## WHAT IS EXPECTED
Beginning at the line that holds "Sincerely Ours Freya", copy the material below exactly through its last line.

## DATA EXTRACT
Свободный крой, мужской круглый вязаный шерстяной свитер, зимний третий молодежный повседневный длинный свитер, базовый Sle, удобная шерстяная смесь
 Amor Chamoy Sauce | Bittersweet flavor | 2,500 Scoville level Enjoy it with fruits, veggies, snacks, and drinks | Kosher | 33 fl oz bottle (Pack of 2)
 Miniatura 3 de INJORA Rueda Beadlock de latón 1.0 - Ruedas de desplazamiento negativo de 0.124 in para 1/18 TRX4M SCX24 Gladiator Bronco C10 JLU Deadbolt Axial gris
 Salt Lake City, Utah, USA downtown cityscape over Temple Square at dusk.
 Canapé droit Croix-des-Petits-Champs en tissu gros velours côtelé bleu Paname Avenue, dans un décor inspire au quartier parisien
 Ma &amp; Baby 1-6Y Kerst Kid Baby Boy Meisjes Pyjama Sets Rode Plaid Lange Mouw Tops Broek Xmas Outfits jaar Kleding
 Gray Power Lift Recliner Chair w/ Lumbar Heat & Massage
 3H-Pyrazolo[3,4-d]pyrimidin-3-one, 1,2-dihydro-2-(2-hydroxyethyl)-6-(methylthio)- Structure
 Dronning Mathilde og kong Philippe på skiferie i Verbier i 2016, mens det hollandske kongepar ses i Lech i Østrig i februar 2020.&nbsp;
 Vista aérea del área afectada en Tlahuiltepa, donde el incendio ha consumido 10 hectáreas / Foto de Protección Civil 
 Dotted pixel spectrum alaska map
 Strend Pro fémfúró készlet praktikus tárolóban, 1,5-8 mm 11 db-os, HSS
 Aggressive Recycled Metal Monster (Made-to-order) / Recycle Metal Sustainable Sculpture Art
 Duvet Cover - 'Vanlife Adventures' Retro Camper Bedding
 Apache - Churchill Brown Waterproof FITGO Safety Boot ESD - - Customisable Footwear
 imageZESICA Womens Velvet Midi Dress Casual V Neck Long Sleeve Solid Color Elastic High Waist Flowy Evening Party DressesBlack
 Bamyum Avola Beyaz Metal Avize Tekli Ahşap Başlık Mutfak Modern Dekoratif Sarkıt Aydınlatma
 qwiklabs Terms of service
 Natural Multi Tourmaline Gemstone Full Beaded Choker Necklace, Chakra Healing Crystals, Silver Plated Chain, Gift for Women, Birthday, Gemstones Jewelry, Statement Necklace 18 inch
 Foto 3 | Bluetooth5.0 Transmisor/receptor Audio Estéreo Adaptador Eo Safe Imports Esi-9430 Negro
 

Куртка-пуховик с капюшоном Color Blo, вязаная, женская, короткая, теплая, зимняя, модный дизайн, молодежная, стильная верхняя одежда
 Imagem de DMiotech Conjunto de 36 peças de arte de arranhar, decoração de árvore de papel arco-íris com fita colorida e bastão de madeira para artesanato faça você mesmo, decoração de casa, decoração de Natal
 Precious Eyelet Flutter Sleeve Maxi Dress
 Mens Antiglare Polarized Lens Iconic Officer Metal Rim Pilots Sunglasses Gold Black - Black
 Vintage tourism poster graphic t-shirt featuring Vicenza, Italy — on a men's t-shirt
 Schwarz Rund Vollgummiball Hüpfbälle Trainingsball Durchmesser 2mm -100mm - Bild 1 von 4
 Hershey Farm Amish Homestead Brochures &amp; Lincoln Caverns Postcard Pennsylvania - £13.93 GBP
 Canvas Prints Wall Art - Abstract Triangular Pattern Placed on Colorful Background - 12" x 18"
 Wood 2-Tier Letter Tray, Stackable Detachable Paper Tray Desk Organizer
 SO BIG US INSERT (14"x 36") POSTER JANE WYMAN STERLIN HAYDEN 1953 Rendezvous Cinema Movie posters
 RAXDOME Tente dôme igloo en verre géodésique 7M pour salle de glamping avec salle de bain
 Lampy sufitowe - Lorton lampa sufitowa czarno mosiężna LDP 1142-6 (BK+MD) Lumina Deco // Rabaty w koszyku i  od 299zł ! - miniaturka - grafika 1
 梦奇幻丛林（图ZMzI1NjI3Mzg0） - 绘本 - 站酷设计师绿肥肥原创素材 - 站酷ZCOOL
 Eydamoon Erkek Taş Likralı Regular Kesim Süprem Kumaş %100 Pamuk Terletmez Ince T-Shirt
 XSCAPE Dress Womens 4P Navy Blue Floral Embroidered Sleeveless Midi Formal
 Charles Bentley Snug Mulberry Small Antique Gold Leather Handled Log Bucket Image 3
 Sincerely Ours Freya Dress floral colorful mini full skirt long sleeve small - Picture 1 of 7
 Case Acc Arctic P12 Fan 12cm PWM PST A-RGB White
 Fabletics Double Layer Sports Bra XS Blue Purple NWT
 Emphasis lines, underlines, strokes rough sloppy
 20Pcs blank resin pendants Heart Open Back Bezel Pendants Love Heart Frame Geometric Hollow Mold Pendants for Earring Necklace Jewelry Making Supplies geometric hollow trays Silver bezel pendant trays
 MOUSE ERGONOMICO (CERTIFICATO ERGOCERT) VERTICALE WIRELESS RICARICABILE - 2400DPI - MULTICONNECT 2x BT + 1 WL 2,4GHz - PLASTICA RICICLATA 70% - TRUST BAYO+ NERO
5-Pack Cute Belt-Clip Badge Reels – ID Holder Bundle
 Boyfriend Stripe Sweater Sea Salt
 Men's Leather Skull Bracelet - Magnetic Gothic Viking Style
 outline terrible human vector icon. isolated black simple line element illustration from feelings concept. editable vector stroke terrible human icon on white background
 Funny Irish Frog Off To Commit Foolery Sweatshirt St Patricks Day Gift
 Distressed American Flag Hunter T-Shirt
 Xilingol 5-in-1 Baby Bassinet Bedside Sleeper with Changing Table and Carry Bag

## WRITTEN REPLY
 Sincerely Ours Freya Dress floral colorful mini full skirt long sleeve small - Picture 1 of 7
 Case Acc Arctic P12 Fan 12cm PWM PST A-RGB White
 Fabletics Double Layer Sports Bra XS Blue Purple NWT
 Emphasis lines, underlines, strokes rough sloppy
 20Pcs blank resin pendants Heart Open Back Bezel Pendants Love Heart Frame Geometric Hollow Mold Pendants for Earring Necklace Jewelry Making Supplies geometric hollow trays Silver bezel pendant trays
 MOUSE ERGONOMICO (CERTIFICATO ERGOCERT) VERTICALE WIRELESS RICARICABILE - 2400DPI - MULTICONNECT 2x BT + 1 WL 2,4GHz - PLASTICA RICICLATA 70% - TRUST BAYO+ NERO
5-Pack Cute Belt-Clip Badge Reels – ID Holder Bundle
 Boyfriend Stripe Sweater Sea Salt
 Men's Leather Skull Bracelet - Magnetic Gothic Viking Style
 outline terrible human vector icon. isolated black simple line element illustration from feelings concept. editable vector stroke terrible human icon on white background
 Funny Irish Frog Off To Commit Foolery Sweatshirt St Patricks Day Gift
 Distressed American Flag Hunter T-Shirt
 Xilingol 5-in-1 Baby Bassinet Bedside Sleeper with Changing Table and Carry Bag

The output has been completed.